Rónán McDonald, a lecturer in literature at the University of Reading, has written a short, engaging book the theme of which is evident from the title: The Death of the Critic. Although there is plenty of both academic and journalistic writing about literature, less and less is well described by the term "literary criticism." The literary critics of the first two-thirds or so of the twentieth century, now dead, including poets and other creative writers, such as T. S. Eliot, journalists such as Edmund Wilson, and academic literary critics, as distinct from literary scholars, such as F. R. Leavis in England and Cleanth Brooks in the United States, have so few successors that the very genre, if not yet dead, is moribund.1 McDonald deplores the decline of literary criticism and seeks to explain its causes.

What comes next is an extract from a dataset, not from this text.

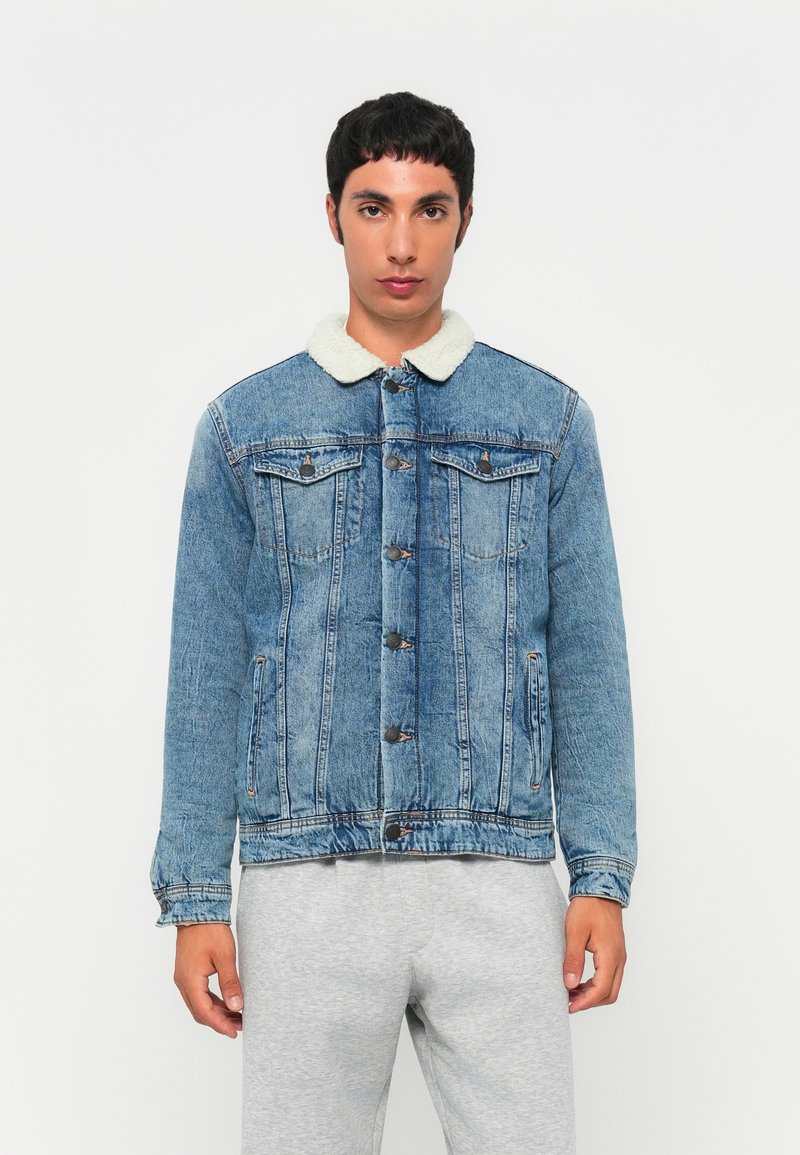 Jeansjacka i ljusblått med en imitation av fårskinnskrage. Har knappstängning, sidofickor och stickade detaljer genomgående.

In place of literary criticism, McDonald (and many others, such as John Ellis) argue, we have postmodern literary theory, an animal of quite a different color from literary criticism.2 "Texts . . . are interpreted and analysed with a view to unlocking the social norms and attitudes encoded therein, not assessed or evaluated as integral, self-contained creations" (McDonald, p. 21). "The 'best' [is regarded] as a politically dubious category, with selections made in its name often nurturing hidden and hierarchical agendas"(p. ix). "In a comparatively short time, [End Page 385] academic literary criticism has been transformed. Many [literary critics] now regard social activism as the major purpose of literary criticism." And "people who write about literature now write in a prose thick with impenetrable jargon," which erects a barrier between literary theory and literature.3 The well documented decline in the reading of literature has many causes but one may be the obscurantist and politicized style of teaching literature that is in vogue in many colleges.4

But something deeper is involved. After all, most literary teachers are not postmodernists. What has happened is the professionalization, in not altogether a good sense, of literary studies. Let me illustrate. More than half a century ago, Cleanth Brooks published what became a famous book of literary criticism, consisting of close readings of famous poems.5 The New Critics were much taken with the metaphysical poets, the most prominent of whom was John Donne, and the high point of Brooks's book was his brilliant close reading of "Canonization," one of Donne's most famous love poems. Just this year (2008) a professor of literature named Ramie Targoff published John Donne, Soul and Body, which has an extensive treatment of Donne's love poetry, though it does not mention "Canonization." As far as I can judge, Targoff's book is a fine scholarly achievement—well written (and not defaced by jargon), thoroughly researched, thoughtful, imaginative. She argues that contrary to some scholars who have regarded Donne as a Neoplatonist who therefore believed that the highest love is purely spiritual (as it was for Plato), he was, throughout his career—even when he became a fiercely devout Anglican cleric writing fervid religious verse—a believer that body and soul were one in all activities, including sexual love; hence the religious imagery in "Canonization," emphasized by Cleanth Brooks, who would I think have found Targoff's analysis congenial. Her book is I would guess a model of modern literary scholarship.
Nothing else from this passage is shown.